Les pianos de « Femme flic » et de « Veuve Clicquot », entre autres, donnent l’impression d’être dans une suite royale, verre de champagne à la main. Les guitares (« Le remède ») et autres synthés (« Tu le mérites »), souvent accompagnés d’une basse faisant groover le tout, nous ramènent au soleil. Les voix servent aussi d’instruments : elles sont transformées, pitchées et font partie intégrante de la production (« Plus haut »). Les cuivres apparaissent également sur un morceau comme « Gisèle – Part 4 « , donnant un côté soul, d’influence 90’s, remis au goût du jour. Car oui, Tristesse Business : saison 1 est actuel, notamment dans les kits de percussions utilisés (« Christian Dior » ; « 3 ans »), tout en apportant cette touche d’originalité qui correspond à son auteur.
Cet habillage musical lumineux cache des sujets sensibles. Parfois très durs, comme sur « Système », révélant les douleurs et les blessures profondes d’une rupture.
« J’voulais pas faire le lâche plus que j’l’étais déjà, j’l’ai jetée en enfer
Mes excuses comme un petit pansement sur sa fracture ouverte
Je l’ai perdue »
On rentre alors très vite dans son intimité et l’on s’identifie bien plus facilement. Une vraie maîtrise du story telling qui nous plonge dans des histoires plus sombres que ne le laisse imaginer l’instrumentale. C’est là où réside l’intérêt de ce disque : l’approche musicale originale et ensoleillée contraste avec des propos plus tristes. Il sort des sentiers déjà empruntés par les rappeurs. Il va chercher plus loin qu’un simple morceau mélancolique piano-voix. L’objectif est de toujours captiver l’oreille de l’auditeur, quel que soit le thème abordé.

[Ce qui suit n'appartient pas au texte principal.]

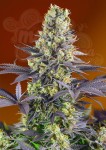 Sweet Seeds - Sweet Zenzation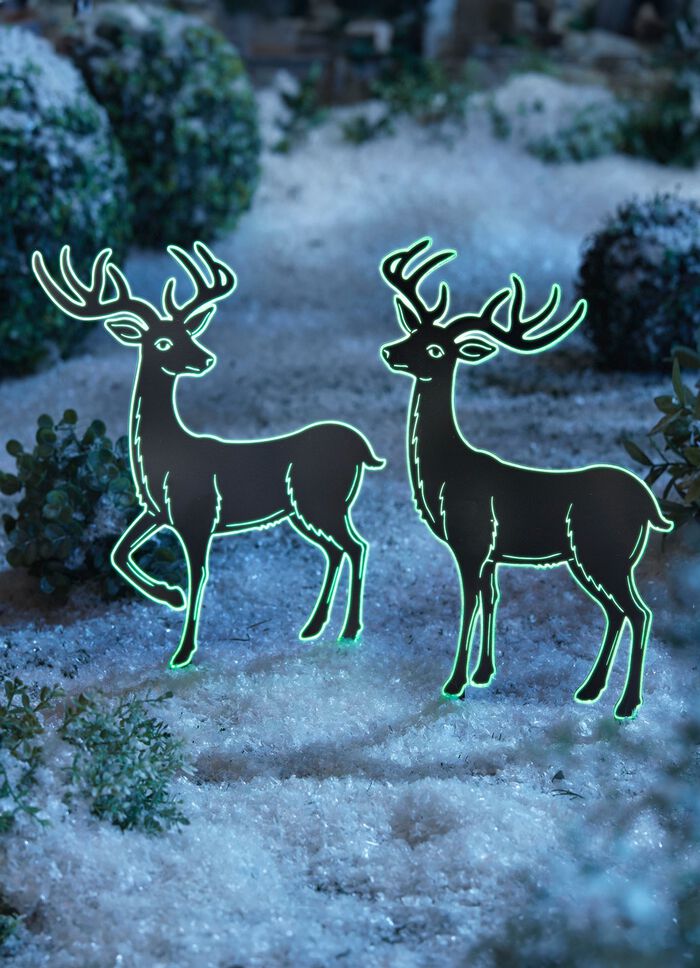 Hert, nachtlicht (terugkijkend) SCHWARZ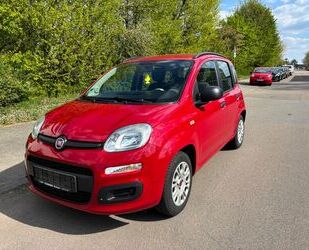 Fiat Panda Gebrauchtwagen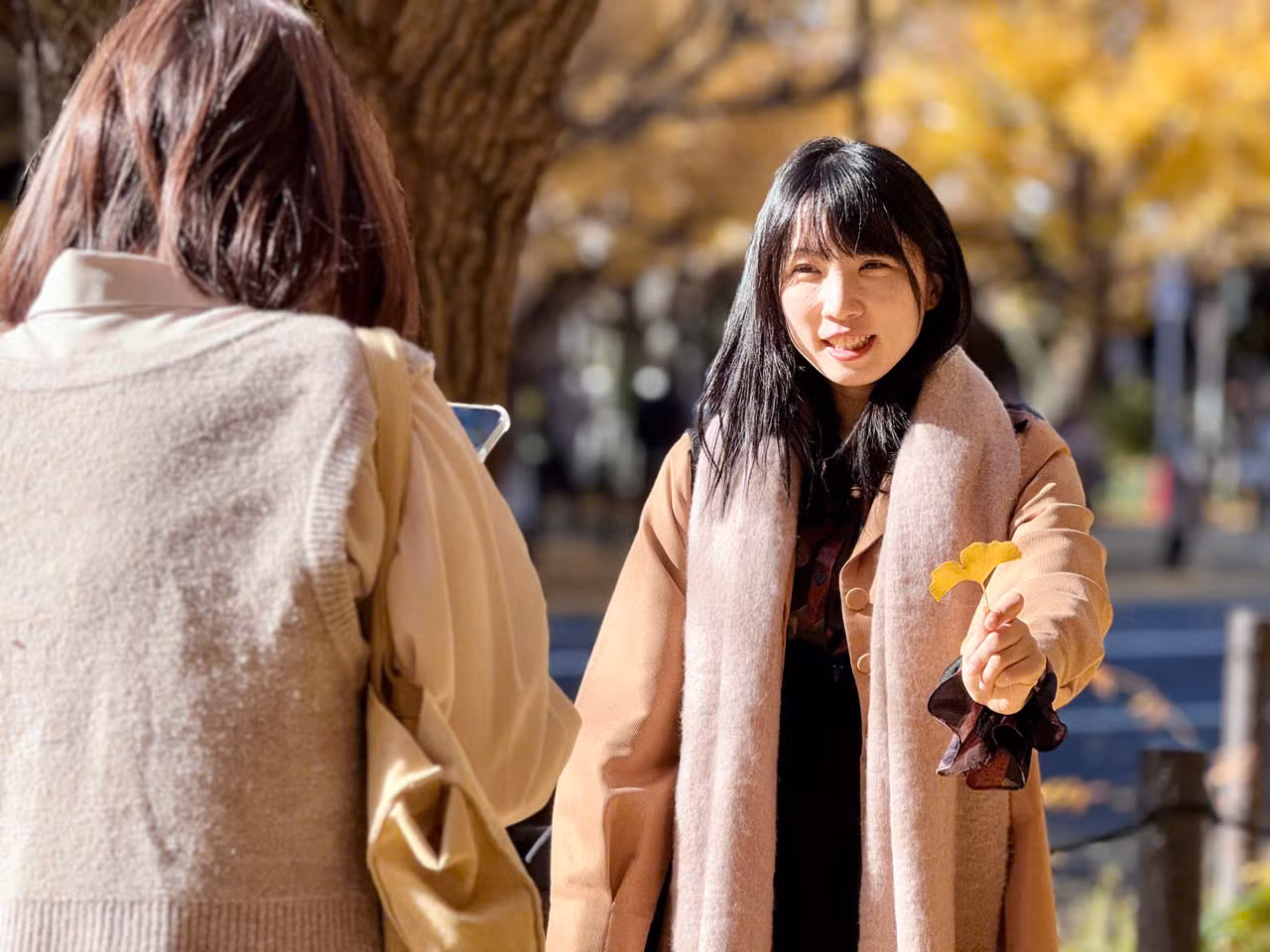 Khu Meiji Jingu Gaien với 150 cây ngân hạnh được trồng thẳng lối con đường hơn 300 m. Lá rụng tạo thành tấm thảm vàng tự nhiên, thu hút rất nhiều du khách đến tham quan, chụp ảnh.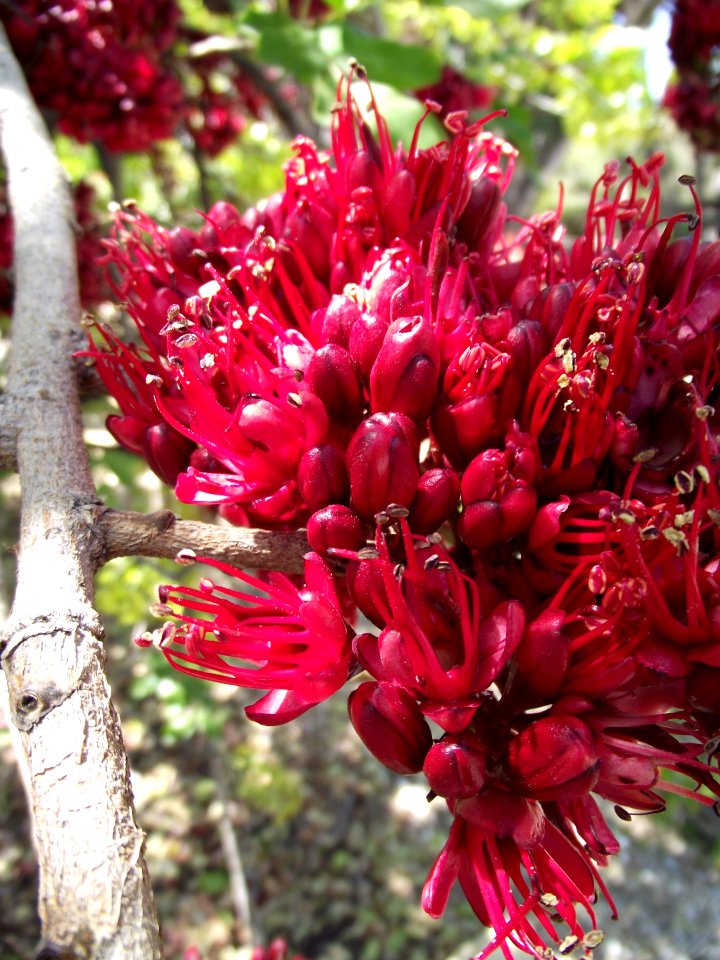 Schotia brachypetala 1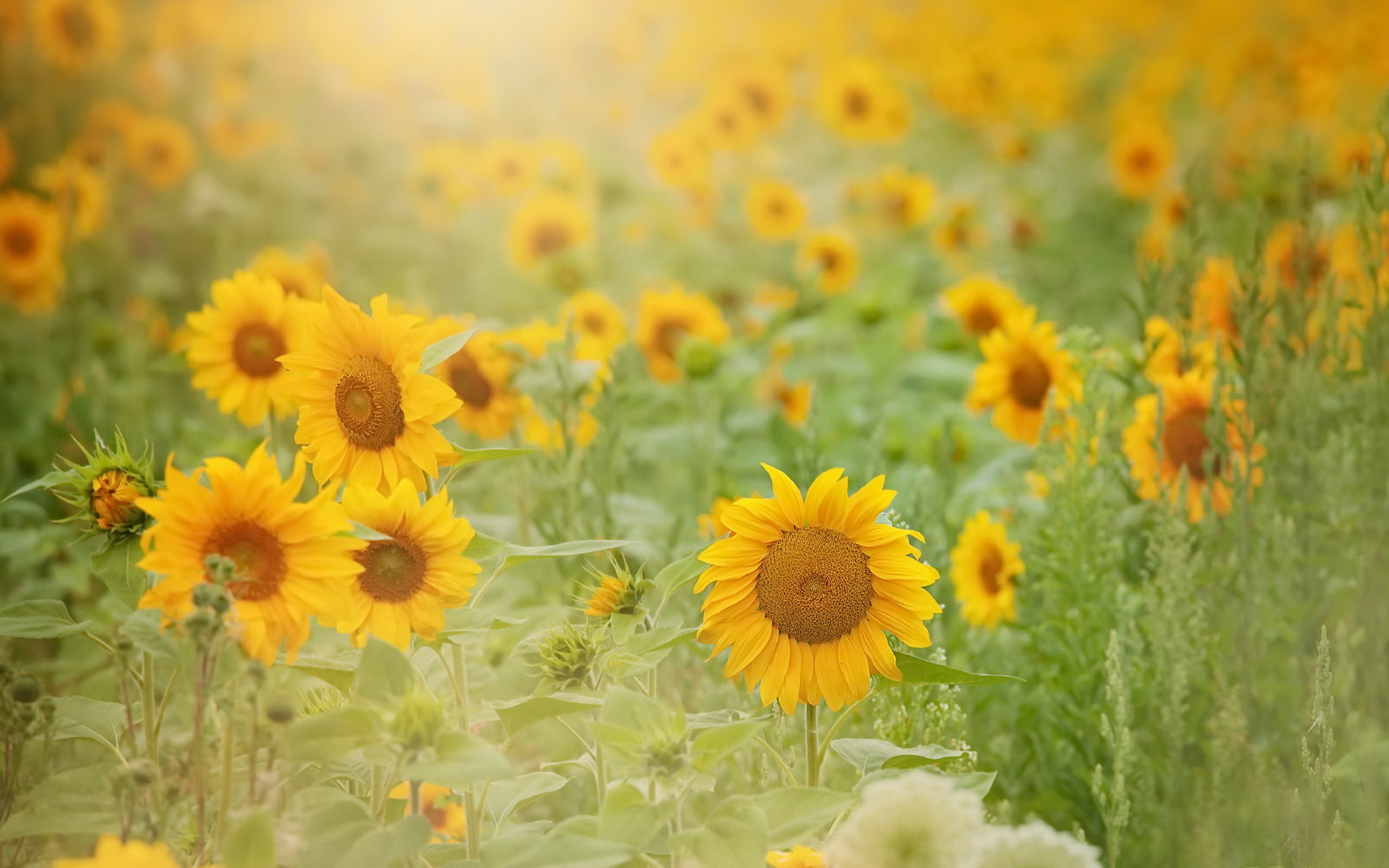 Téléchargez gratuitement l'image Fleurs, Été, Fleur, Tournesol, Fleur Jaune, Terre/nature sur le bureau de votre PC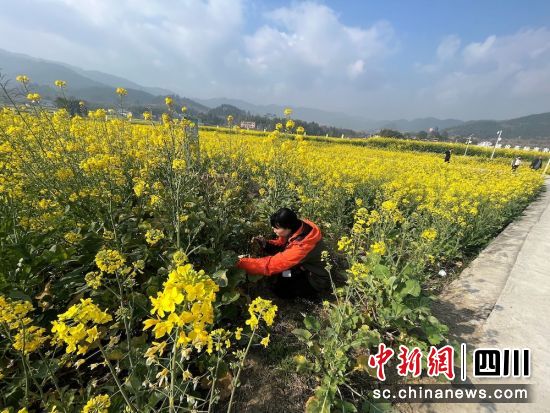 将金融服务带到田间地头。平安产险川分 供图 将金融服务带到田间地头。平安产险川分 供图
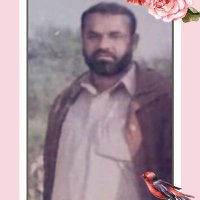 Malik Muhammad Siddiq(@MalikMuham96769) 's Twitter Profile Photo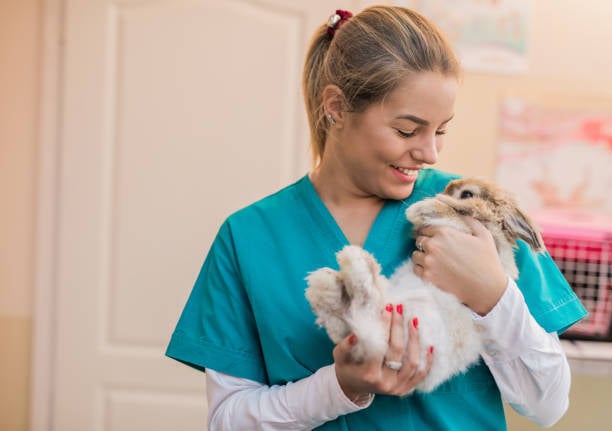 veterinarian knowing rabbits aren't like other pets and require specialized bunny care
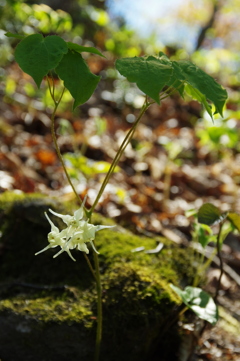 花に会いに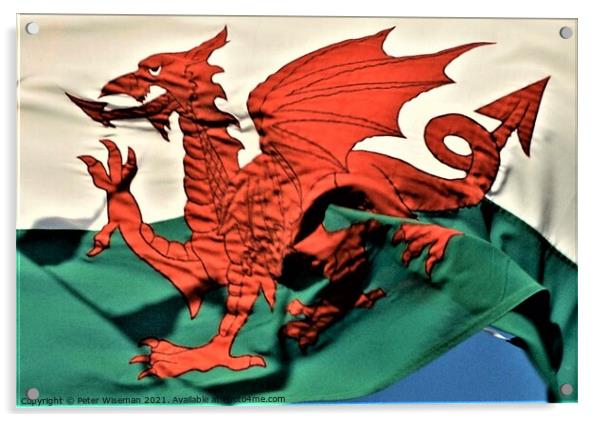 The Welsh Dragon Acrylic by Peter Wiseman
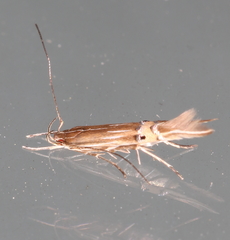 Cosmopterix scirpicola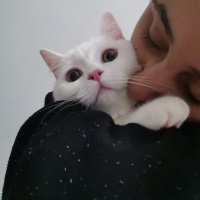 British Shorthair, Kedi  Pamuk fotoğrafı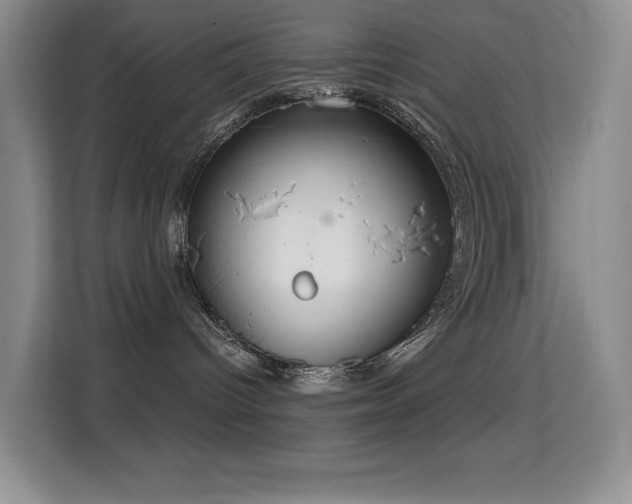 X0000114680096200910211219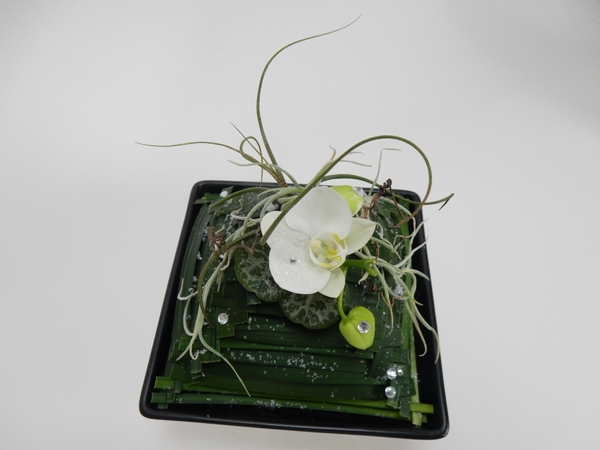 Grass Pyramid Armature. Grass Pyramid Armature.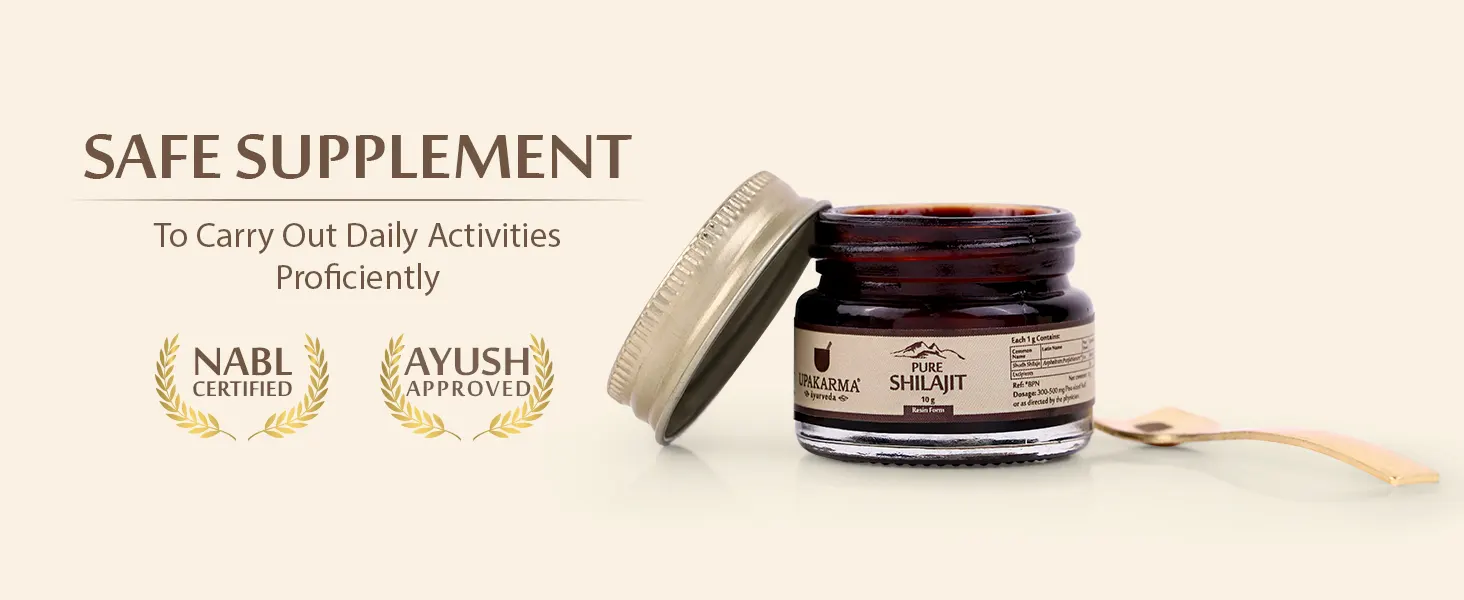 shilajit resin 10g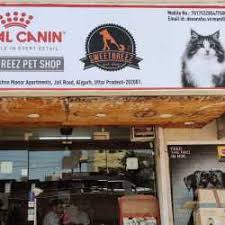 Pet store — boston, found: Top 30 Pet Shops For Dog In Aligarh Best Pet Store Justdial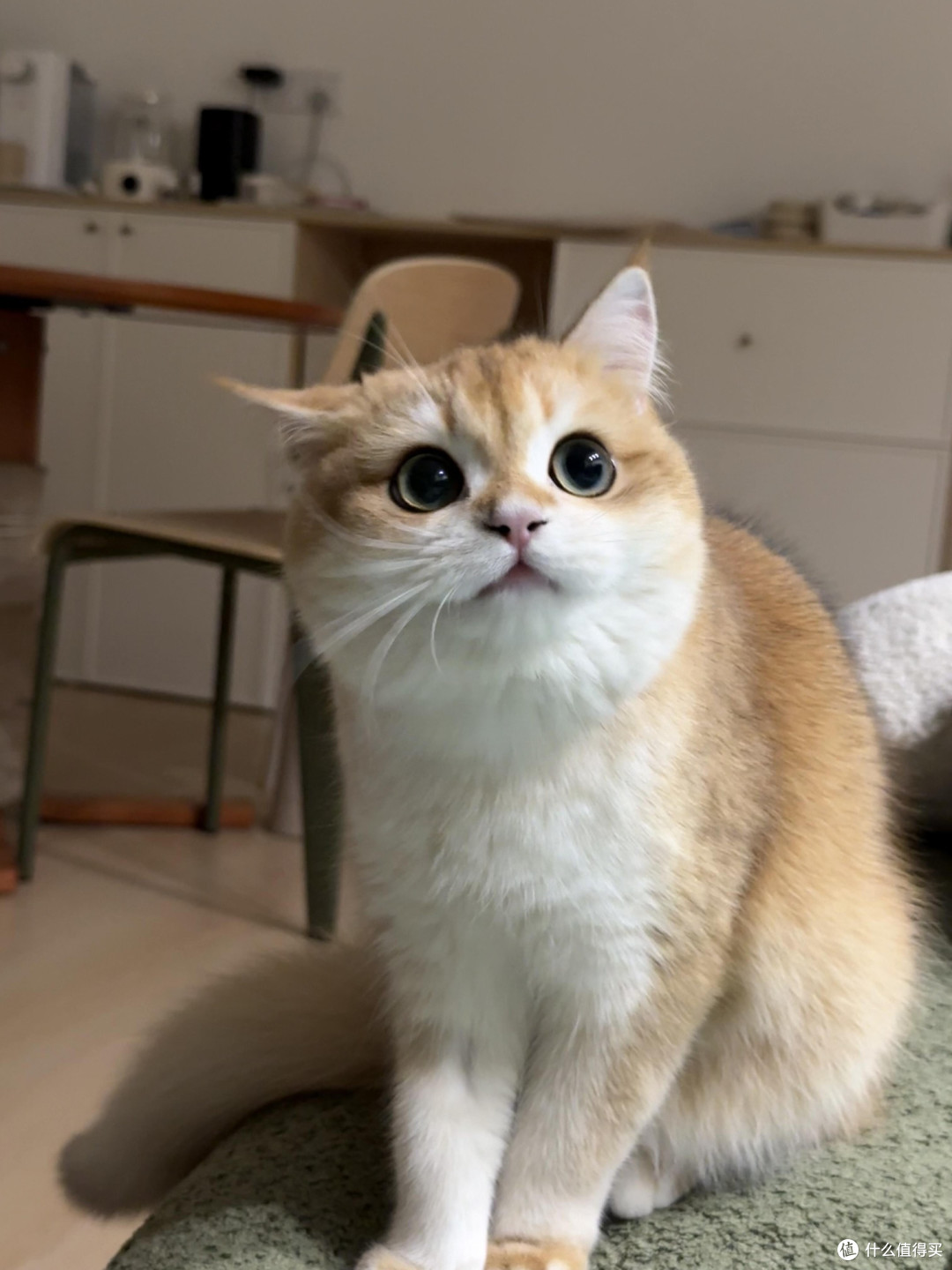 科学喂养猫咪的核心逻辑
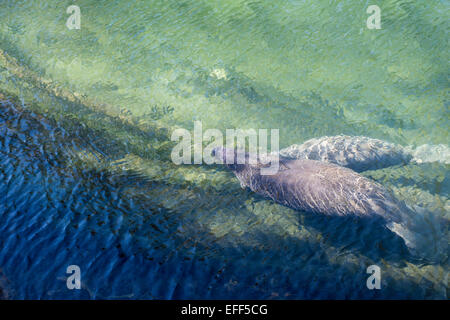 Manatee auftauchen zum Atem von oben in das klare Wasser der Blue Spring State Park, Florida gesehen. Stockfoto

Voilà pourquoi Tristesse Business : saison 1 n’est pas qu’un simple album de rupture tristounet. La construction du disque le rend à la fois intéressant et ambitieux. Il parvient à faire ressentir des émotions, en utilisant des mots compréhensibles par tous, tout en créant un univers complexe, faisant référence à la culture propre d’une communauté. Un an plus tard, l’album est toujours là, les vagues de Nazaré caressant nos oreilles.